Prozess in Bonn wegen der Kunduz-Affäre

Kollateralschaden vor Gericht

Als die Bundeswehr in Afghanistan zwei Tanklaster bombardieren ließ, starben viele Zivilisten. Dreieinhalb Jahre nach dem Luftangriff von Kunduz hat nun vor dem Bonner Landgericht ein Zivilprozess gegen die Bundesregierung begonnen, Angehörige der Opfer klagen auf eine Entschädigung.

Einen »Kriegsverbrecher« nennt der Bremer Rechtsanwalt Karim Popal den Bundeswehroffizier Georg Klein. Am 4. September 2009 hatte Klein einen Bombenangriff auf zwei von Taliban nahe der afghanischen Stadt Kunduz geraubte Tanklaster befohlen. Die Attacke forderte mehr als 140 Todesopfer – darunter viele Kinder und Jugendliche, die herbeigeeilt waren, um sich aus den in einem Flussbett feststeckenden LKW Sprit abzuzapfen. Popal vertritt 79 ihrer Angehörigen und fordert für sie insgesamt 3,3 Millionen Euro Schadensersatz. Mit der vom Bundesverteidigungsministerium explizit »ohne Anerkennung einer Rechtspflicht« gezahlten Summe von rund 350 000 Euro will er sich nicht abfinden.

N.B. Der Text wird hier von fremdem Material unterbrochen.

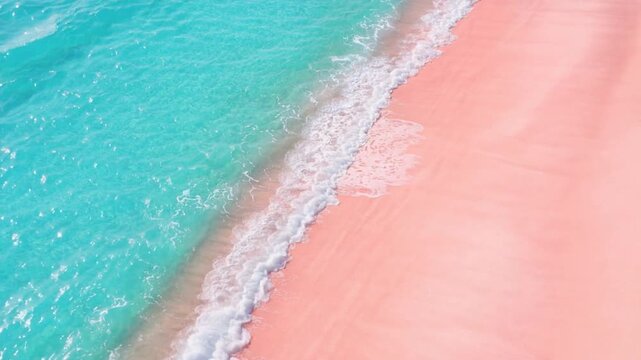 Aerial view of turquoise ocean waves gently washing onto a unique pink sandy beach shore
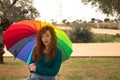 Portrait of young woman, red hair, freckles, with a rainbow umbrella, happy, in an outdoor park. Concept color, happiness, well-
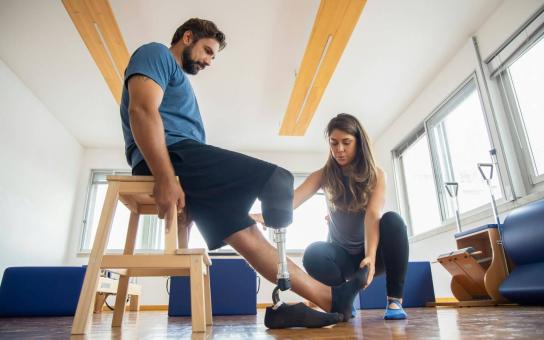 Man sitting in a chair with one leg outstretched and the other prosthetic leg bent while a women kneeling beside him is helping with physical therapy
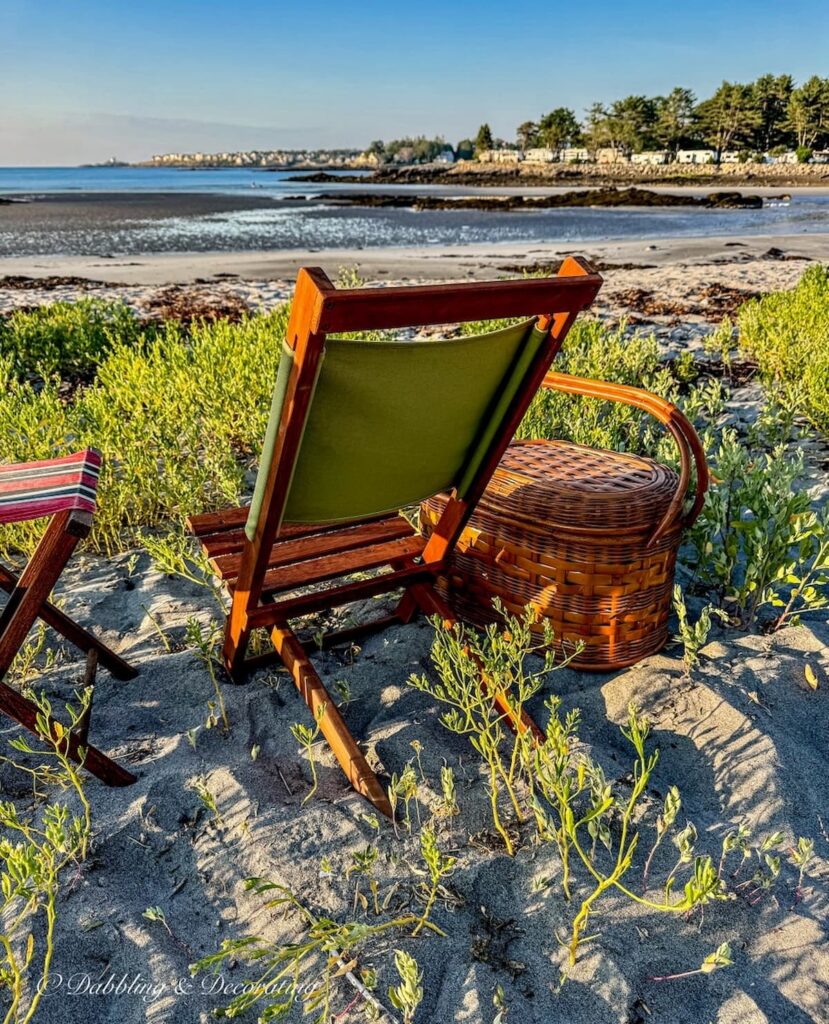 Thrifted retro camp chair with vintage picnic basket on the beach during sunset in Maine.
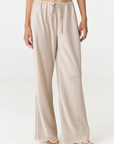Crafted in premium silk, these straight leg pants Champagne / light beige silk pants move with a fluid drape and understated structure. A considered staple that balances ease and refinement for effortless everyday dressing. Pair with the Anaiis Silk Tank for an elevated set.
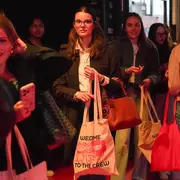 Gruppe junger Frauen steht an einer Eingangstür in einem belebten Raum. Einige halten Stofftaschen und Smartphones. Sie lächeln und wirken gespannt, während sie auf den Eintritt warten. Die Beleuchtung ist warm und einladend.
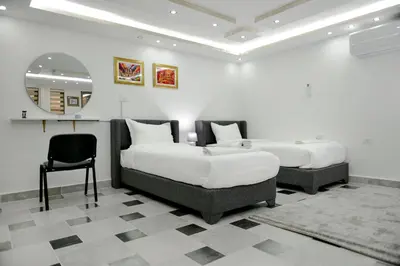 two beds in a room with a mirror and a chair at Rose In Apartment in Wadi Musa
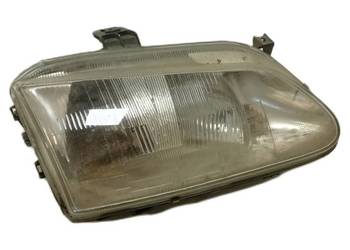 Reflektor przedni prawy Renault 7701672735 lampa przednia używana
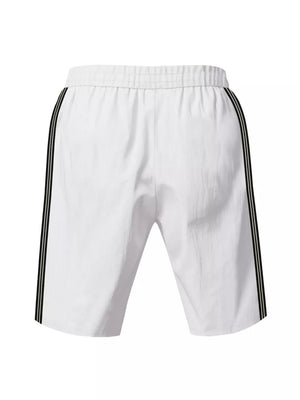 White men's bermuda shorts with black and green side stripes and drawstring waist.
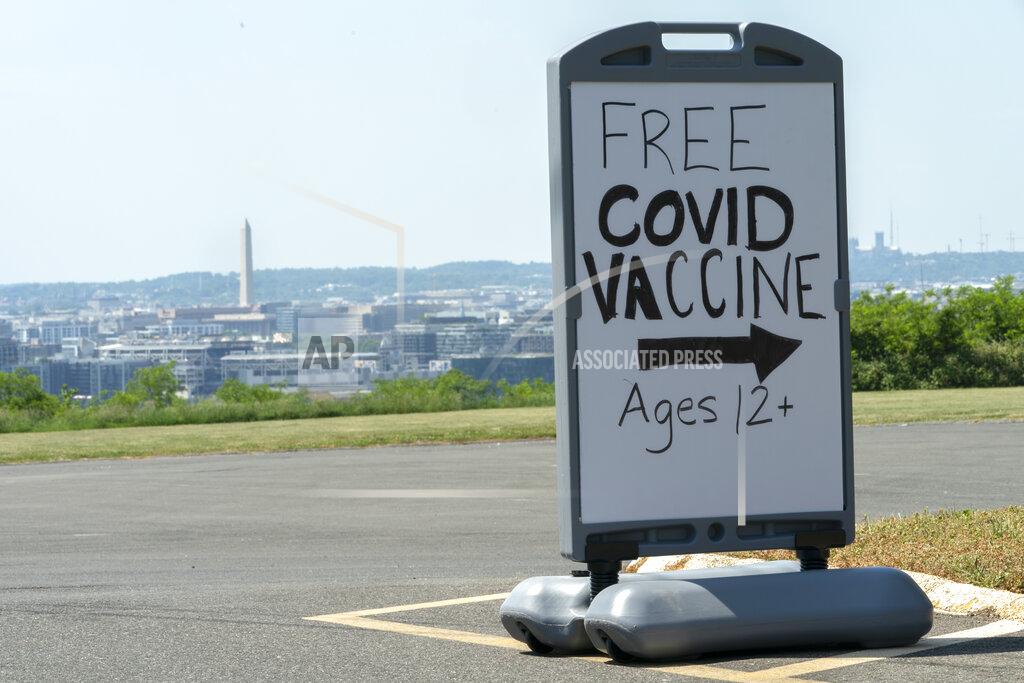 Jacquelyn Martin Overlooking downtown Washington and the Washington Monument, a sign advertises a free vaccine drive with Pfizer COVID-19 vaccinations for members of the community 12 years and up, Wednesday, May 19, 2021, at a clinic held by Community of Hope, outside the Washington School for Girls in southeast Washington. Neighborhood schools sent information about the vaccines to their students' families to ensure access to the vaccine, that's been recently approved for children ages 12-15. (AP Photo/Jacquelyn Martin)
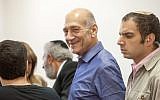 Former prime minister Ehud Olmert grins in the courtroom during his corruption trial. (photo credit: Emil Salman/Flash90)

Ein erster Prozess in dieser Sache wurde am 20. März vor der 1. Zivilkammer des Landgerichts Bonn eröffnet. Im Namen zweier Mandanten verlangen Popal und sein Kollege Peter Derleder zunächst insgesamt 90 000 Euro – 40 000 Euro für Abdul Hannan, der bei dem Bombardement zwei Söhne verlor, und 50 000 Euro für Qureisha Rauf, die durch den Bombenangriff zur Witwe wurde und seither ihre sechs Kinder alleine durchbringen muss. Zwar gibt es bisher keine abschließende Entscheidung, allerdings brachte bereits der erste Verhandlungstag zwei Ergebnisse: Zum einen ließ das Gericht die Klage gegen die Bundes­republik Deutschland zu, die vom Bundesverteidigungsministerium (BMVg) als der vorgesetzten Behörde des Befehlshabers Klein repräsentiert wird. Zum anderen scheint das BMVg nicht an einer gütlichen Einigung mit den Opfern interessiert zu sein. So wies der Vertreter des Ministeriums, Mark Zimmer, einen Vergleich brüsk zurück. Wie die Süddeutsche Zeitung berichtete, verlangte er von den Klägern unter anderem, »erst einmal (zu) beweisen, dass die Toten wirklich ihre Familienangehörigen waren«, schließlich seien »Schummeleien« in Afghanistan an der Tagesordnung.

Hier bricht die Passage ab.